In some contexts, the term SEM is used exclusively to mean pay per click advertising, particularly in the commercial advertising and marketing communities which have a vested interest in this narrow definition. Such usage excludes the wider search marketing community that is engaged in other forms of SEM such as search engine optimization and search retargeting.

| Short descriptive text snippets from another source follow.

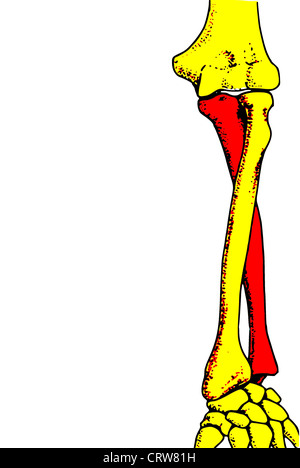 Rotation of the radius and ulna Stock Photo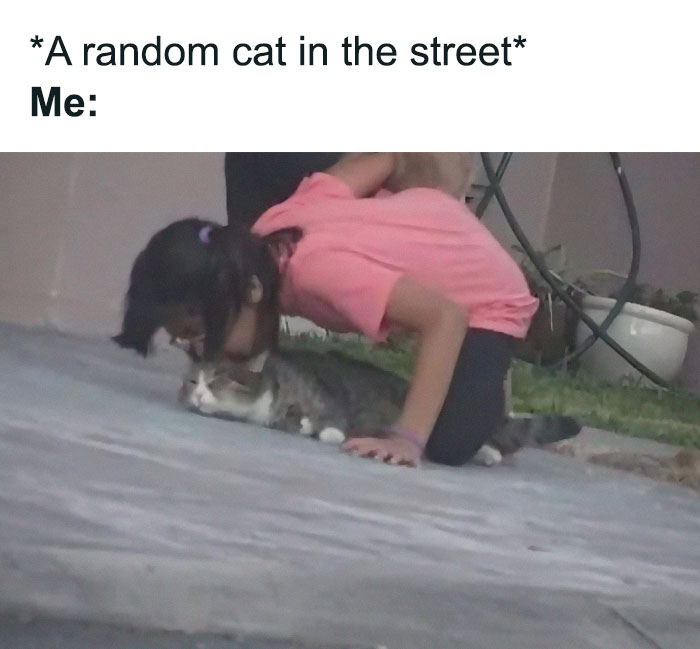 Funny-Cat-Jokes-Memes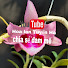 IM47MY-KsbA-channel-avatar-Hoa lan Tuyến Hà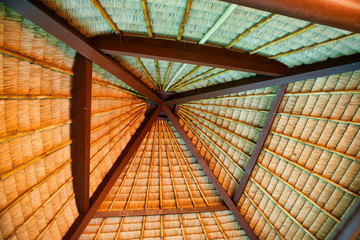 Unusual view of the roof woven from dry palm leaves.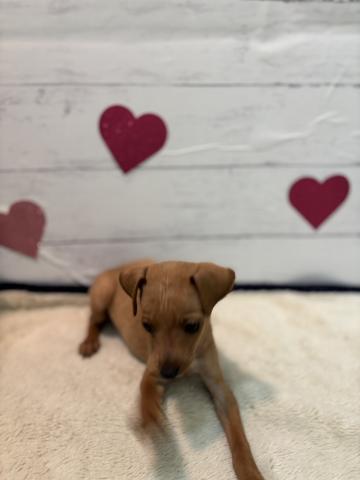 ミニチュアピンシャー子犬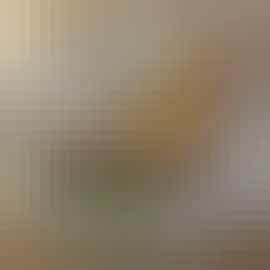 Halfway House Scotch Eggs  Halfway House Scotch Eggs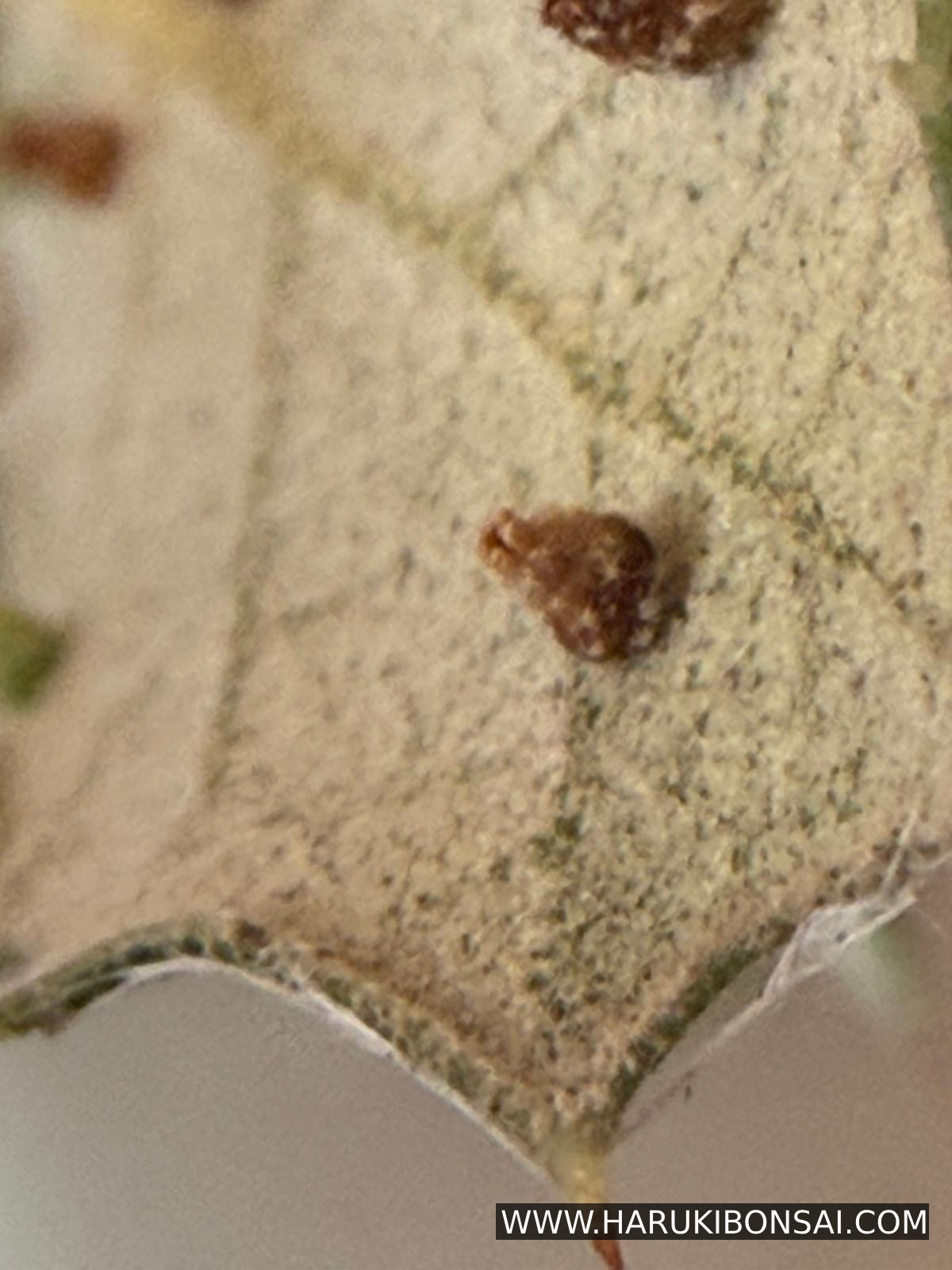 Microscopio Portatil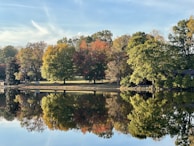 A serene lake reflecting autumn trees with golden and red leaves.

Creating the link between SEO and PPC represents an integral part of the SEM concept. Sometimes, especially when separate teams work on SEO and PPC and the efforts are not synced, positive results of aligning their strategies can be lost. The aim of both SEO and PPC is maximizing the visibility in search and thus, their actions to achieve it should be centrally coordinated. Both teams can benefit from setting shared goals and combined metrics, evaluating data together to determine future strategy or discuss which of the tools works better to get the traffic for selected keywords in the national and local search results. Thanks to this, the search visibility can be increased along with optimizing both conversions and costs.